Peter F. Hamilton – Pandora’s Star

In a Peter F. Hamilton novel of this size, nothing is going to happen for the first two hundred pages, so I was happy enough to write them off as expected.

By page 500 I was thinking that there were way too many characters and parallel stories going on, and that the book could have used some serious editing. The plot lines were interesting, but every time one would threaten to really come alive, Hamilton would switch to someplace dull instead, and spend time warming up another thread.

By page 700, I was having serious doubts about him being able to wrap everything up neatly by the end of the book, and I had a quick glimpse at the last page. To my horror, the last sentences, printed in bold, were “The End of Pandora’s Star. The Commonwealth Saga will be concluded in Judas Unchained“.

Well bugger me sideways with a rusty pitchfork, it’s a two-parter. A quick check on Amazon showed that the second part isn’t due out until October. Does the cover blurb give any indication that this is only the first volume of a set? Does it heck.

I got pissed off by 900-page doorstops in 2003, and I still haven’t recovered. I only started Pandora’s Star because I generally like Hamilton’s stuff, and I was looking forward to immersing myself in this one for a while. Had I known that even after spending three weeks on it, I still wouldn’t know how it ends for another six months, I wouldn’t even have started it.

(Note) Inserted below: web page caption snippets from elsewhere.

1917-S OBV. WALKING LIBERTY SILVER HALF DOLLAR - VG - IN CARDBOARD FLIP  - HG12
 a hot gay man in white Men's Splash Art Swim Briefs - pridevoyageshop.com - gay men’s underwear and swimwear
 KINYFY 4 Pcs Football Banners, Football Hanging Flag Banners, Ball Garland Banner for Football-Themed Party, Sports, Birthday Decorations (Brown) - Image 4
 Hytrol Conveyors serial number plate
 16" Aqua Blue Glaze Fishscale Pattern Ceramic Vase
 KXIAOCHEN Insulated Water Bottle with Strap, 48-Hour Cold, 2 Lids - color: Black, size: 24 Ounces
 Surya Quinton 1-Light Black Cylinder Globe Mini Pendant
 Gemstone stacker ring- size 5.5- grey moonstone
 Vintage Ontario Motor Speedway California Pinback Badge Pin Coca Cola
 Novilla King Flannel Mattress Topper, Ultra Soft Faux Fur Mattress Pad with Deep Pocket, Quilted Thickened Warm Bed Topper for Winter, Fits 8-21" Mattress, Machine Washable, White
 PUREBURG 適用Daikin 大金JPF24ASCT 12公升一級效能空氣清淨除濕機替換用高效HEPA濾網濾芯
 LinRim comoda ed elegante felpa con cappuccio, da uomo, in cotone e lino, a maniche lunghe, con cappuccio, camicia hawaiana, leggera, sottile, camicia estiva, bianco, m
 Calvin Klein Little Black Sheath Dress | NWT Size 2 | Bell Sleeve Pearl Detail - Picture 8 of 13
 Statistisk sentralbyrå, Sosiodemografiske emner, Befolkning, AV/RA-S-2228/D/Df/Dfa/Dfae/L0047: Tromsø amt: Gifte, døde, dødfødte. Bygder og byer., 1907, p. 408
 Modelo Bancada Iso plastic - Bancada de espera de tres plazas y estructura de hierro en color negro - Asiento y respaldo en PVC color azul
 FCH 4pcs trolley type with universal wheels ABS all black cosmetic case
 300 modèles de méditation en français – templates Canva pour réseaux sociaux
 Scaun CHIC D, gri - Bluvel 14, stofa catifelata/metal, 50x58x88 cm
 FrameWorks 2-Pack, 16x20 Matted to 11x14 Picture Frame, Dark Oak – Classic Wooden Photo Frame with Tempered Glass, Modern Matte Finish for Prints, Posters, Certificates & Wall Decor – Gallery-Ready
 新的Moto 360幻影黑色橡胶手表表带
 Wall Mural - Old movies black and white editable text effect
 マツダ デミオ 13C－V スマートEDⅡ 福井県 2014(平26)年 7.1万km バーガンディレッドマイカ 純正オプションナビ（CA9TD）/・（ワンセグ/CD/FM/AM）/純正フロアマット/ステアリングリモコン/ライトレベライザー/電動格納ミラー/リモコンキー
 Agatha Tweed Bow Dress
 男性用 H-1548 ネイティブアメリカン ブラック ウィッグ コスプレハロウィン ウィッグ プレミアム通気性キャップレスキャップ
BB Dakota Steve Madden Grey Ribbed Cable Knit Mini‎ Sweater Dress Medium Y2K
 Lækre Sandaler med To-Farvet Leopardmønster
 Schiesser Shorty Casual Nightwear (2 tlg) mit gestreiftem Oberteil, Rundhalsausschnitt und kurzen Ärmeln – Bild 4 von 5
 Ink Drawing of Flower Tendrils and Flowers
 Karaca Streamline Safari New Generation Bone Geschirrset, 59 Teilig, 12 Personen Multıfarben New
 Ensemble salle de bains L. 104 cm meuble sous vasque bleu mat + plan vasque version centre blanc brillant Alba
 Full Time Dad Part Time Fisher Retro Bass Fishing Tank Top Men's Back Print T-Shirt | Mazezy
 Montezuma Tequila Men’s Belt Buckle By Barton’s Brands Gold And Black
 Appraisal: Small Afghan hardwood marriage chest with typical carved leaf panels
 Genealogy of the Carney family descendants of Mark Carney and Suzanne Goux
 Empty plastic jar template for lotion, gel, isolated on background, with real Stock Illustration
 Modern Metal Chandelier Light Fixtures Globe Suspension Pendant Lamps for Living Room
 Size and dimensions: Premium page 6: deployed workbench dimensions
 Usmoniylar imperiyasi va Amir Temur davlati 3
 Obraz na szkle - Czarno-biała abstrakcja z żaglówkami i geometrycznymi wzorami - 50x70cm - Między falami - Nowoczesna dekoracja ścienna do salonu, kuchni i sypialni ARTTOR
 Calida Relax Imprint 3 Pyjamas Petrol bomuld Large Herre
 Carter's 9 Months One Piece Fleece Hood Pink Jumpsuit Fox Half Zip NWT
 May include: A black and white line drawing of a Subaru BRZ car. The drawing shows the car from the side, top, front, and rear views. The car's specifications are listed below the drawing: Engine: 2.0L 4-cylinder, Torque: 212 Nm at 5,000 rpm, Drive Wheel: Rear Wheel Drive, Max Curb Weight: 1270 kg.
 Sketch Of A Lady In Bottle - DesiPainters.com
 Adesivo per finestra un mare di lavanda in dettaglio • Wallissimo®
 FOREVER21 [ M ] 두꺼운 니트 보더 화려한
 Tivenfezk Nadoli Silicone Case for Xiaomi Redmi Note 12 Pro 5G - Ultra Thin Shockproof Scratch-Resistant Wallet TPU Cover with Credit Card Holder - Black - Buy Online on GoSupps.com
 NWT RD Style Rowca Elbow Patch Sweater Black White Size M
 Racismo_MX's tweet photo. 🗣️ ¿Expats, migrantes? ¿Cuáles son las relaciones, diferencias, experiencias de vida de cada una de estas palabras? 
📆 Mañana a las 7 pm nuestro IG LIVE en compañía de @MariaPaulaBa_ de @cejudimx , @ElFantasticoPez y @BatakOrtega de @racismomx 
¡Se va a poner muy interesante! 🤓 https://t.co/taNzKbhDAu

25 thoughts on “Peter F. Hamilton – Pandora’s Star

  1. Jules

    I tend to agree. I haven’t managed to finish Pandora’s star. Personally I enjoyed Hamilton’s early work and Fallen Dragon but his other stuff has all sufferred from being too long and involved without the story or characters to redeem it.

  2. george bright

    i cant believe you gave this halk marks, especially after foolishly skipping the intro so you didnt know who anyone was or hao they felt about anyone else. i am sure that if you started watching a film halfway through you would give it below half marks every time.

  3. James

    I’ve been reading SF for 40 years, and I haven’t read anything in decades that I thought was as interesting as this one. Yes it was long, but the world he envisions is not only far-fetched but also quite possible. This is a remarkable book, and I can’t wait for the sequel.

  4. Kelvin

    I am about halfway through the book and was ticked off to see that this book is part one…of 10? Who knows?? Peter Hamilton tends to get bogged down into too much of detail and subplots upon subplots. Now I have to wait until October

  5. Sean Girling

    Ah, but I love a long book. I enjoy immersing myself in Hamiltons universes, and damned if I want just a weekend break there, it has to be a nice two week jaunt. Well, actually, it only took a week, but you know what I mean. Long books are like long movies, either badly done in need of trimming, or expertly woven so you don’t notice.

    And Hamilton is so brilliant at weaving multiple characters stories together such that you really care. Hardly feel that from many books these days sadly. Thank god for Peter and his quirky sense of humour.

    Sean Girling

  6. Matt

    Read this in about two weeks, yes its a slow starter, and planty of charecters. It does start to knit togeteher a 1/3 of the way through. Maybe I gave this some time after the shock of reading Iain M Bank’ Excession – thats not a book to nod off to! By the end of Pandora’s star, I had a real taste for the wormhole-linked commonwealth, Ozzies mystical silfen adventures and the starflyer conspiricy. Looking forward to round 2!

  7. Clive

    Anyone who can’t pull the sub-plots together and who ‘writes off’ the first 200 pages has an attention span problem.
    I’m 2/3rds of the way through and thoroughly enjoying how it’s all fitting together.
    I can hardly put it down…great stuff!

  8. Bart

    Peter F. Hamilton books have the ability of putting the reader in a universe/story that feels real, that you feel connected too. That is something i really appreciate in his style of writing. My native tongue is dutch but I refuse to read the translated books, you have to read books in their original language (can be a problem if it is a japanese book 😉 ).
    So can’t wait to read the second book…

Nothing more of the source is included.